1. Financial awareness starts at an early age. Having to “un-learn” bad habits takes longer than learning good ones. Giving an allowance from a young age (even infanthood, and putting it into a savings account) rather than handing out money for specific activities allows a child to learn to save their money, rather than spend it as soon as they get it.

2. Young people given financial responsibility will often begin saving for their own education at a much younger age, reducing their reliance on student loans and/or their parents. This isn’t to say that a 6 year old will open an RESP any time soon, but middle school and high school children may start saving their allowance or working income for a post-secondary education. Anything a parent can do to increase a child’s future independence (from themselves and from credit) is definitely a good thing.

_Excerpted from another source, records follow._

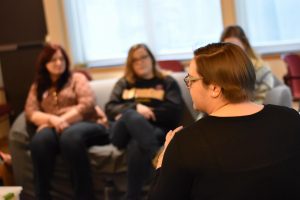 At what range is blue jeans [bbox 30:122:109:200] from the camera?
300 cm

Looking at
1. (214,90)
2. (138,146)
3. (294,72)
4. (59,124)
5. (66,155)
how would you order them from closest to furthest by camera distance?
(214,90) < (138,146) < (66,155) < (59,124) < (294,72)

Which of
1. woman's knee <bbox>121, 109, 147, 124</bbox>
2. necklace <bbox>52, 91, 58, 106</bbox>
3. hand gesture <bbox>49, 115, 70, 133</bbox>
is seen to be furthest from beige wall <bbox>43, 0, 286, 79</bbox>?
woman's knee <bbox>121, 109, 147, 124</bbox>

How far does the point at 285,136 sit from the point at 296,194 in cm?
16

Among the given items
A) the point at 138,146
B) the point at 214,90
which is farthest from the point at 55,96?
the point at 214,90

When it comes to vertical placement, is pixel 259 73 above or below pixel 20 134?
above

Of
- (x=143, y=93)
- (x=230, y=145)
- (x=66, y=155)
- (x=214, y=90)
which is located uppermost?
(x=214, y=90)

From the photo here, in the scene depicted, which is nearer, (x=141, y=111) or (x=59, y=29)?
(x=141, y=111)

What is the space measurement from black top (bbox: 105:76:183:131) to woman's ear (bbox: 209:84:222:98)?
1.80 m

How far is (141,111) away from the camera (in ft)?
10.1

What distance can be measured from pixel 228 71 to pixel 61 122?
2.08 meters

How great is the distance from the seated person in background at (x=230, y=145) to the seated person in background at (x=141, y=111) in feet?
5.16

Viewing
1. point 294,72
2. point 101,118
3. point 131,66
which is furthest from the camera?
point 294,72

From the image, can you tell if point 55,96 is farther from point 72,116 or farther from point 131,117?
point 131,117

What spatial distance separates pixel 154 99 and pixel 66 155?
0.71m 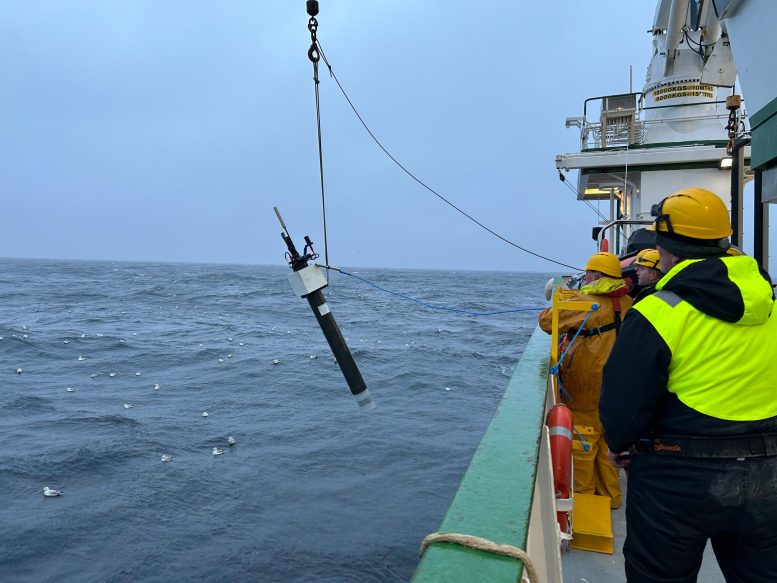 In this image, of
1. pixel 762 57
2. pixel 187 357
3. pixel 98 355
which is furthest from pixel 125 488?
pixel 98 355

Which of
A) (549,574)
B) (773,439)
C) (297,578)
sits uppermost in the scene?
(773,439)

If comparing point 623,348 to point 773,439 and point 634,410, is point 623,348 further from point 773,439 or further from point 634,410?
point 773,439

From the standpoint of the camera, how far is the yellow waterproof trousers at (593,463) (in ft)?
12.4

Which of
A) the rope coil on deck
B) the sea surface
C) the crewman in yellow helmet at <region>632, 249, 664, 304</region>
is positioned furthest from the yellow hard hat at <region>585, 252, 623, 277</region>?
the sea surface

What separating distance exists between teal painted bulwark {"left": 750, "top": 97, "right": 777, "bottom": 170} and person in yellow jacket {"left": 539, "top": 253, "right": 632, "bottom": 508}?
1.06 m

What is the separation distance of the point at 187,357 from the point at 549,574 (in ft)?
51.1

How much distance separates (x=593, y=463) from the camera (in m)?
3.79

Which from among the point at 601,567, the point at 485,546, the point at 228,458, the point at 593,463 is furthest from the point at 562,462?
the point at 228,458

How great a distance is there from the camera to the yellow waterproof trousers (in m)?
3.77

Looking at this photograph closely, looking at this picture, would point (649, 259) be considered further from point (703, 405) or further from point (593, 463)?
point (703, 405)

3. Teaching your children that they can make money by providing value rather than a set amount of money for a set amount of time will teach them to be entrepreneurial, increasing their possibility of future success. Instead of giving a certain amount per month or per chore, give your child marginally more money for the chores that they do that provide more value. For example, while dusting the tables and mowing the grass may take the same amount of time, unless you really like your lawn, you would probably get more value from your child cutting the grass. Give their allowance accordingly, and you’ll likely find your child doing more high-value chores voluntarily. You may also find their entrepreneurial mind blossoming at a younger age! Lemonade, anyone?

4. An increased interest in saving will mean a decreased reliance on credit in adulthood. As we all know from the credit crisis currently underway (and any news headline since 2008), reliance on credit is a bad thing. Show your kids how to save, and they might avoid the credit trap.

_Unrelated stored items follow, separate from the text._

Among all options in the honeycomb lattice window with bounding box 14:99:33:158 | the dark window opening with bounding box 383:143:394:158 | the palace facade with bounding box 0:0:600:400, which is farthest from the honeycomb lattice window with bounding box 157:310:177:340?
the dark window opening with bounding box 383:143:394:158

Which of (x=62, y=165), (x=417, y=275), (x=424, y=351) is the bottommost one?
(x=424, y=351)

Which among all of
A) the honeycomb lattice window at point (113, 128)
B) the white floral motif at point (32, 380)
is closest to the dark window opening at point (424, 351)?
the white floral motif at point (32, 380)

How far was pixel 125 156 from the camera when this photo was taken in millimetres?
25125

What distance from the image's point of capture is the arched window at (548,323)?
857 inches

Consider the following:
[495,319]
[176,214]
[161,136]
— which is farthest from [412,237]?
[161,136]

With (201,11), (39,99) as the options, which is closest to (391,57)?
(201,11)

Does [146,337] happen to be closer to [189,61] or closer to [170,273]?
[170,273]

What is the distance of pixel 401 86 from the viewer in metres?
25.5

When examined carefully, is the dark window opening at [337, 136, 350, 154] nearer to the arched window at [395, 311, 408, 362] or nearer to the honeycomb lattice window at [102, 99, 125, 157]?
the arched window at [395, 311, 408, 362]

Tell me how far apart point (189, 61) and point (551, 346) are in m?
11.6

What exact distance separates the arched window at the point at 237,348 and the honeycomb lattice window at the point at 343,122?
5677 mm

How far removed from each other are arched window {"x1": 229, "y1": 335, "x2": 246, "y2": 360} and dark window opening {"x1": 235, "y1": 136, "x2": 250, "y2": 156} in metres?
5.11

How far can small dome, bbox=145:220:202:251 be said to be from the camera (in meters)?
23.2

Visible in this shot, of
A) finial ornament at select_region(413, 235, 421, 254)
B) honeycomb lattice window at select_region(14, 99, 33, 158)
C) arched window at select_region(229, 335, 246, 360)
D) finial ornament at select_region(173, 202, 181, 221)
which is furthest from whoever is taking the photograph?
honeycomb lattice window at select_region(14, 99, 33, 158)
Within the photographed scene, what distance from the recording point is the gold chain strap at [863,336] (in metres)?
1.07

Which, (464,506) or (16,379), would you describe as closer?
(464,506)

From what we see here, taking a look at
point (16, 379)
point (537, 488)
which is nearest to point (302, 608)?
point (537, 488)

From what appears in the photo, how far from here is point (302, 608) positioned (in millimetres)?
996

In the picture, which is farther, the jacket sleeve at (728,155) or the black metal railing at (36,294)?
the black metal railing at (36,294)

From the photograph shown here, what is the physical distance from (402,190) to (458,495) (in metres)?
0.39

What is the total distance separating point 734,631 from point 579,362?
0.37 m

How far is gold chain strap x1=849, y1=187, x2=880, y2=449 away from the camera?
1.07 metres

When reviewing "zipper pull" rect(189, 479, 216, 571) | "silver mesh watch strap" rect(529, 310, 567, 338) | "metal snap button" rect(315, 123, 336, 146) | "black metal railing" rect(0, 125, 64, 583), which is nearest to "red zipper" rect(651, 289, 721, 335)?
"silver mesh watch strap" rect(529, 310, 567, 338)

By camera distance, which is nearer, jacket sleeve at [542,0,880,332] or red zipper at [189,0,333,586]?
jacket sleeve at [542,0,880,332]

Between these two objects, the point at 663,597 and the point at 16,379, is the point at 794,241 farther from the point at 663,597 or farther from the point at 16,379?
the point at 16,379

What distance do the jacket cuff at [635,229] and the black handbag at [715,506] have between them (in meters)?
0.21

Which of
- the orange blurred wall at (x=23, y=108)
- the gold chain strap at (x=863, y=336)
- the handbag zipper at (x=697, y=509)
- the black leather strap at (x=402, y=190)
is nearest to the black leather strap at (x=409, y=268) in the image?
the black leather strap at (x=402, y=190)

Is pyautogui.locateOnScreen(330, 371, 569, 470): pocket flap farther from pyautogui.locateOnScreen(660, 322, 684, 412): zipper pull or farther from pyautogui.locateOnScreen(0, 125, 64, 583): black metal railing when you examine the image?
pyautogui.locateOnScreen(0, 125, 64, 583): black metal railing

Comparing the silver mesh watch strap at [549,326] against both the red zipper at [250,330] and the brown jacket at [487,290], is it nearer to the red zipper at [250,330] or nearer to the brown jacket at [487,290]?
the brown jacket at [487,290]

5. Greater awareness of the actual cost of items will increase the likelihood of achieving independence early as an adult. For many of the “boomerang kids”, they didn’t return home because they prefer the way mom washes their socks. Many adult children living with their parents are doing so because when they left home the first time, they thought they could “make it” with the income they had. When the learned the real cost of a home, vehicle, food, and bills, they couldn’t keep up and quickly went broke. Save your children from this fate. Help them discover the “costs of living” sooner, rather than later.

6. Financial knowledge will give children an increased confidence in their ability to make decisions on money matters, giving them more power in all aspects of life. You probably wonder what life would have been like if you had invested in Microsoft, or IBM, or Apple. Well now imagine your children have the ability to invest in a company like that – and they have the confidence to actually make the investment. Not only will increased financial knowledge help children with their finances, but it will help them with all other areas of their life as well.

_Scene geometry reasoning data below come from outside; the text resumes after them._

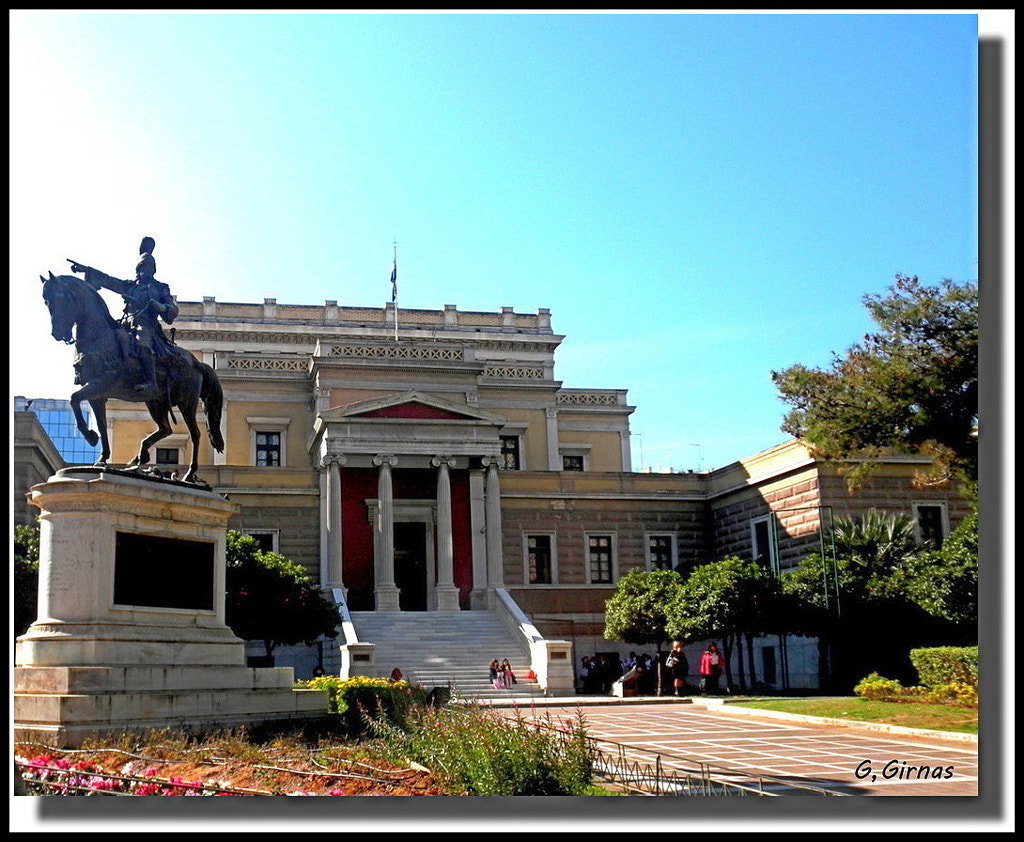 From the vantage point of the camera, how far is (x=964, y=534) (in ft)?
83.6

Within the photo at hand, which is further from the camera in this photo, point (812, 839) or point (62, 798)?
point (62, 798)

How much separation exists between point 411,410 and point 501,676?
11031 millimetres

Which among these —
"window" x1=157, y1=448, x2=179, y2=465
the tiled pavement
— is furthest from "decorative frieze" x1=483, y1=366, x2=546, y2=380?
the tiled pavement

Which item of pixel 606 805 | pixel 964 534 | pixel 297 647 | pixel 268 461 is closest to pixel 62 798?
pixel 606 805

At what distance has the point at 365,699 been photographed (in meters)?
15.1

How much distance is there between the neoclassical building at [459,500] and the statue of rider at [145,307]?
15.6 m

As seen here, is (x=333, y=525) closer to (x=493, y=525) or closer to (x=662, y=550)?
(x=493, y=525)

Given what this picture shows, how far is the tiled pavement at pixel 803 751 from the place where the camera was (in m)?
9.93

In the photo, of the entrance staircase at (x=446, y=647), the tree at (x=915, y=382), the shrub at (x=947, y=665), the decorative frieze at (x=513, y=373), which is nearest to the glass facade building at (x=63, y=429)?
the decorative frieze at (x=513, y=373)

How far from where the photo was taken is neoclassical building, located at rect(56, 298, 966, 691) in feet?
115

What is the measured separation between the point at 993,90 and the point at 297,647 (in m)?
27.8

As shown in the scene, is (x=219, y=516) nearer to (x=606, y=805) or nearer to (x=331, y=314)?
(x=606, y=805)

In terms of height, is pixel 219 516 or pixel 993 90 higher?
pixel 993 90

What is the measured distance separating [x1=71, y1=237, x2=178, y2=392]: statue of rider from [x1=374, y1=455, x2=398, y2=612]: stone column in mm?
20945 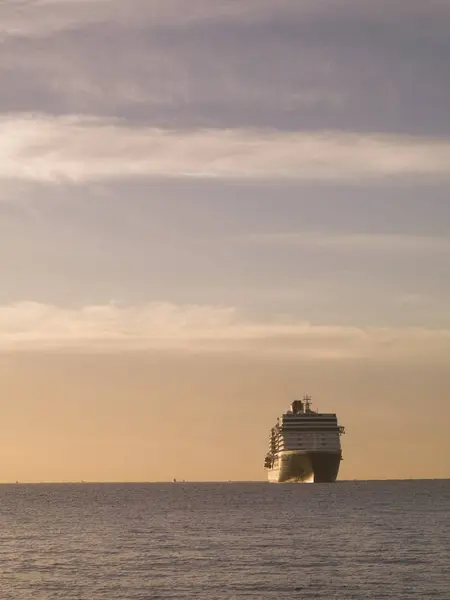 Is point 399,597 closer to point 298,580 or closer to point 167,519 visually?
point 298,580

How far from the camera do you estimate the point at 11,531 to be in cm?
11331

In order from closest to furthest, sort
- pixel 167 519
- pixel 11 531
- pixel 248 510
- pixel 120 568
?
pixel 120 568 → pixel 11 531 → pixel 167 519 → pixel 248 510

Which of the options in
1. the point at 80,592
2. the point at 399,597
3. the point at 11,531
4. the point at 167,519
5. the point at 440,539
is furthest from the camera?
the point at 167,519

7. The concept of saving money for a future purchase also teaches delayed gratification and self control, a quality that is valuable in many other areas of life. Saving money for a big purchase not only teaches children not to use credit as often, but also teaches them self control. Rather than getting a small payoff today, they’re willing to wait for the bigger payoff tomorrow. This principle will not only help with finances, but with education, physical fitness, and other areas.

If you’re waiting to teach your children about money, or you had decided not to teach them at all, maybe those 7 reasons will persuade you to start teaching early!